For Ewers, the closures also get at something bigger about how she feels Outside companies see business in the Last Frontier.
"We're so rural and remote, they forget we're part of the United States and depend on these businesses," she said.
Mary Patkotak lives in Utqiagvik (formerly Barrow) and said making trips to the Sam's Club in South Anchorage when she's in town has become so regular, she has honed the perfect shopping routine.
She takes three large bins into the store and quickly fills them with 150 pounds of groceries and then heads to the airport, where she maxes out her luggage limit on Alaska Airlines for the trip back home.
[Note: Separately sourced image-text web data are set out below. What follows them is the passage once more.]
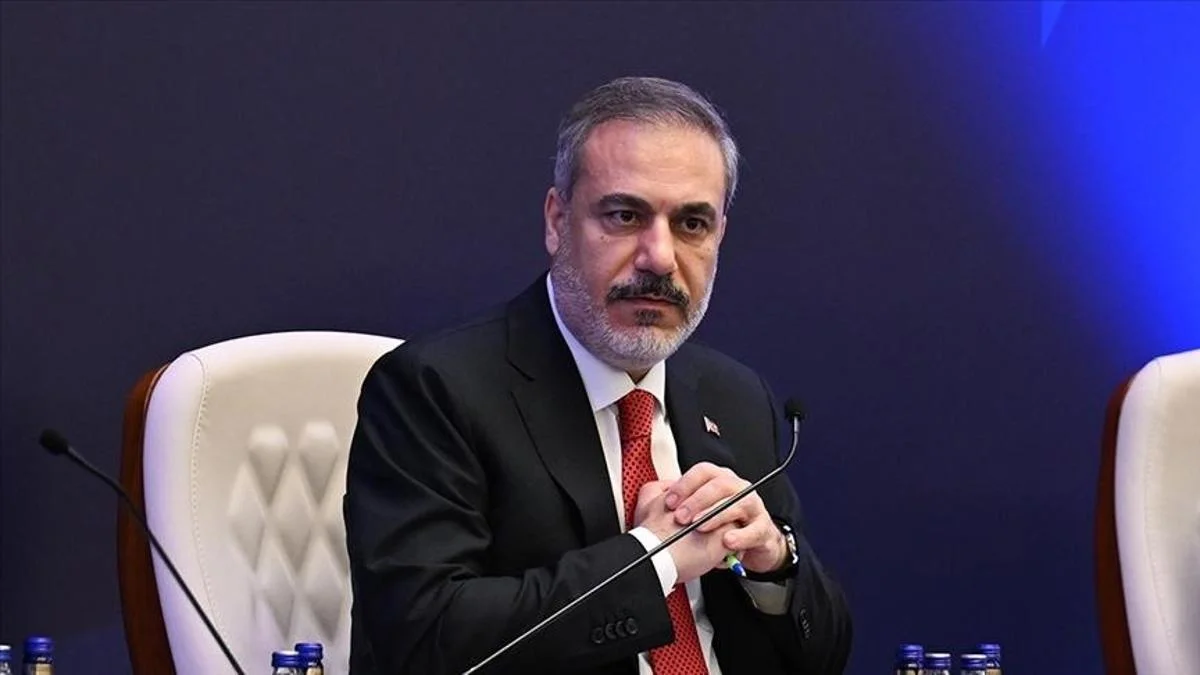 Dışişleri Bakanı Hakan Fidan'dan diplomasi trafiği: Mısır, Suudi Arabistan ve &Uuml;rd&uuml;nl&uuml; mevkidaşları ile g&ouml;r&uuml;şt&uuml;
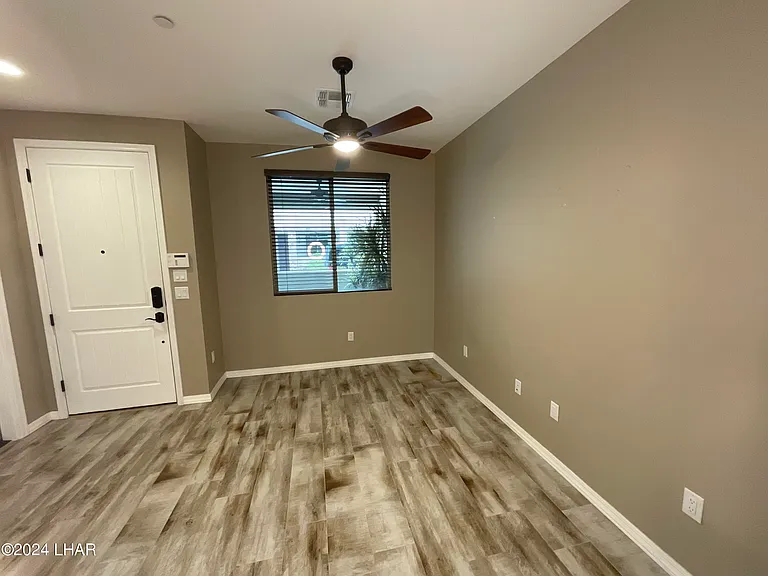 649 Avenida Laredo #101A — Photo 7
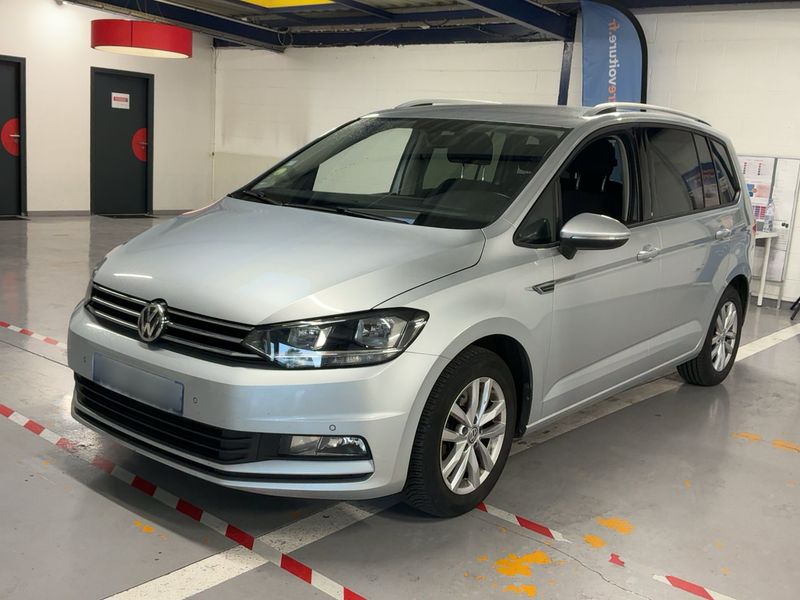 Volkswagen Touran 2.0 TDI Comfortline BlueMotion Tech 2015 – снимка 1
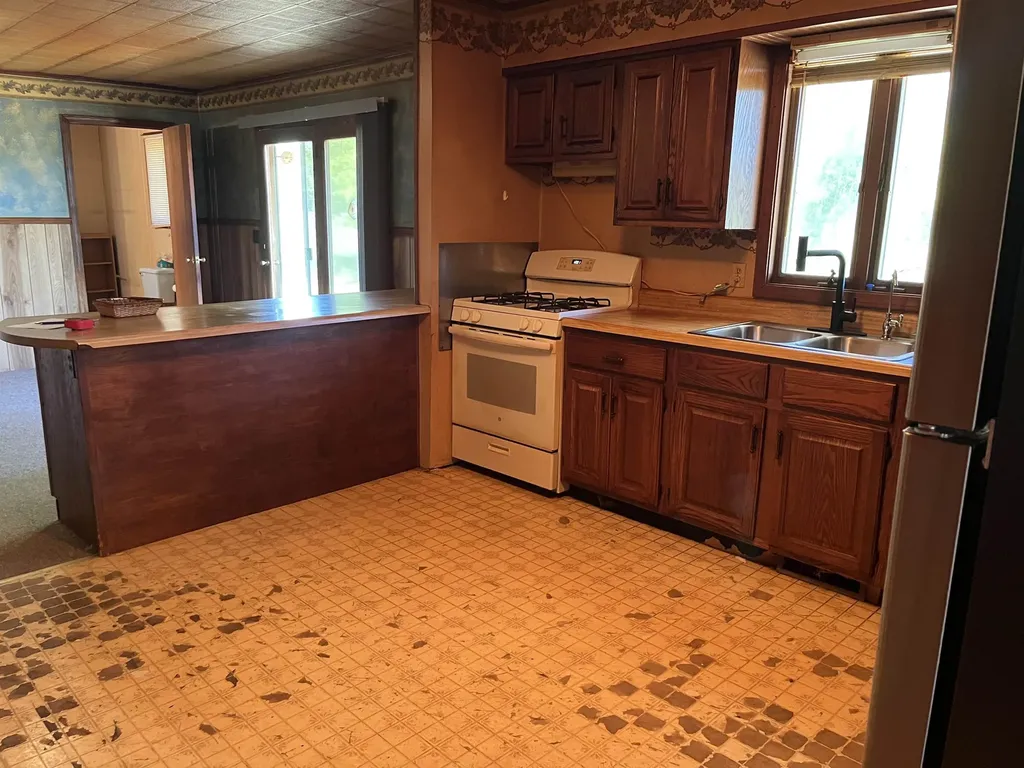 2600 W Schmeid Road Belvidere Township MI 48886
She does this about once a month.
Some key items are the 25-pound bags of flour — about $8.99 in Anchorage instead of more than quadruple that price up north — or the cases of five dozen eggs, which she can find for about $13 cheaper in Southcentral Alaska.
"I was really heartbroken to hear Sam's Club will be closing because now I have to check out Costco and learn their layout," Patkotak said.
The higher cost of doing business in remote Alaska was one factor in deciding to close the local stores, said Walmart spokeswoman Delia Garcia. The company is working on transferring Sam's Club's services for Bush Alaska orders to Walmart, she said.
"We know that service is important to customers in rural Alaska and we do want to be able to maintain that service," she said. "At this point, we're working through how to do that."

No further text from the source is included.